Relational databases allow us to work with tables ("relation" is a fancy word for table). A relational database (Oracle, SQL Server, MySQL, etc.) will store one or more tables on disk. SQLite uses a single file, but other systems use multiple files and a client/server architecture.
The SQL language is used to specify queries on the data, as well as insertions/deletions/updates.
Why would we use a database? Doesn't Pandas already allow us to work with tables?
The MovieLens dataset contains information about:
We will be using a small dataset (9,000 movies, 100,000 ratings) that is only 4MB, but the full dataset is a 1GB file (40,000 movies, 24,000,000 ratings).
Movies table:
CREATE TABLE movies (
movieId INTEGER PRIMARY KEY,
title TEXT NOT NULL,
year INTEGER
);
Open the database:
sqlite3 movielens-small.sqlite
Enable pretty output:
.headers on
.mode column
All the movies from 1933:
SELECT * FROM movies WHERE year = 1933;
movieId title year
---------- ---------- ----------
1256 Duck Soup 1933
2366 King Kong 1933
3932 Invisible 1933
4921 Little Wom 1933
7080 42nd Stree 1933
7081 I'm No Ang 1933
8256 Queen Chri 1933
8670 Testament 1933
25795 Dinner at 1933
25801 She Done H 1933
48301 Private Li 1933
71102 Three Musk 1933
80748 Alice in W 1933
The titles from all the movies from 1933:
SELECT title FROM movies WHERE year = 1933;
title
----------
Duck Soup
King Kong
Invisible
Little Wom
42nd Stree
I'm No Ang
Queen Chri
Testament
Dinner at
She Done H
Private Li
Three Musk
Alice in W
All the movies (there's 9000+ movies, so we use LIMIT
to only print the top n rows)
SELECT * FROM movies LIMIT 10;
movieId title year
---------- ---------- ----------
1 Toy Story 1995
2 Jumanji 1995
3 Grumpier O 1995
4 Waiting to 1995
5 Father of 1995
6 Heat 1995
7 Sabrina 1995
8 Tom and Hu 1995
9 Sudden Dea 1995
10 GoldenEye 1995
import sqlite3
conn = sqlite3.connect("movielens-small.sqlite")

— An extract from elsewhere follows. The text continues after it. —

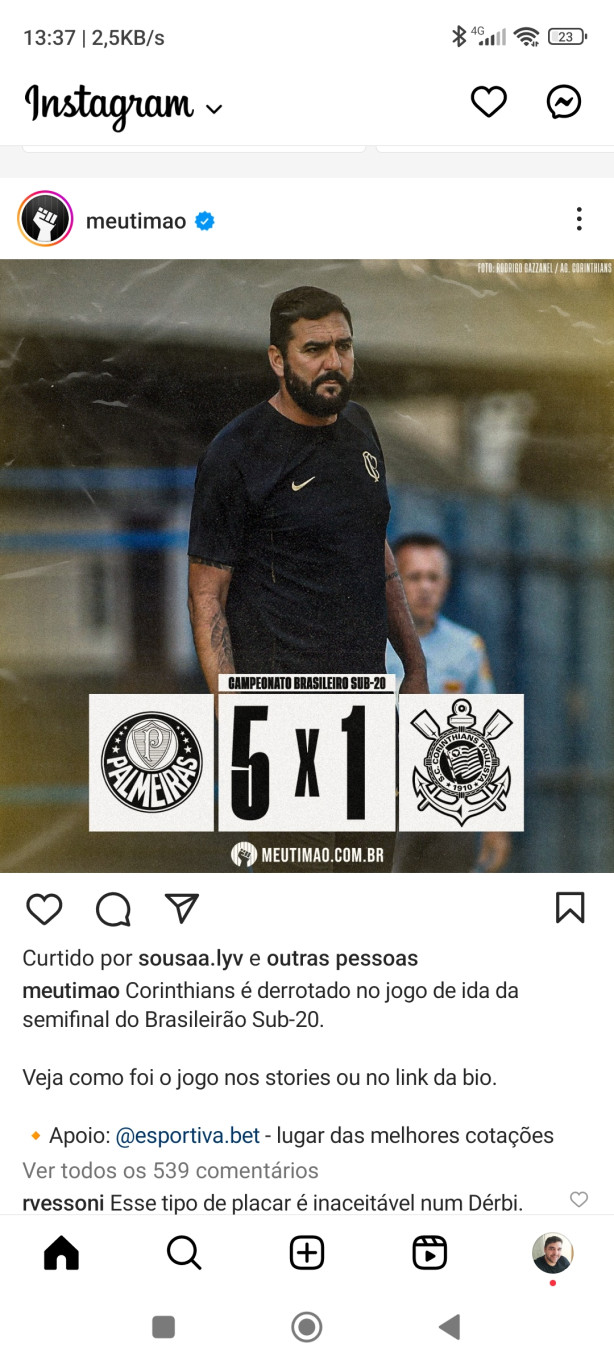 Parabns, Danilo! Palmeiras 5 x 1 no sub-20!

c = conn.execute("SELECT * FROM movies LIMIT 10")
for row in c:
print(row)
Find the number of movies.
SELECT COUNT(*) FROM movies;
Use "AS" to name the resulting column.
SELECT COUNT(*) AS num FROM movies;
Find the number of movies from 1933.
SELECT COUNT(*) AS num FROM movies WHERE year = 1933;
Find the number of movies per year.
SELECT year, COUNT(*) AS num
FROM movies
GROUP BY year;
Order it in descending order.
SELECT year, COUNT(*) AS num
FROM movies
GROUP BY year
ORDER BY num DESC;
Include only years with more than 150 movies. Note that WHERE filters by row, and HAVING BY filters by group.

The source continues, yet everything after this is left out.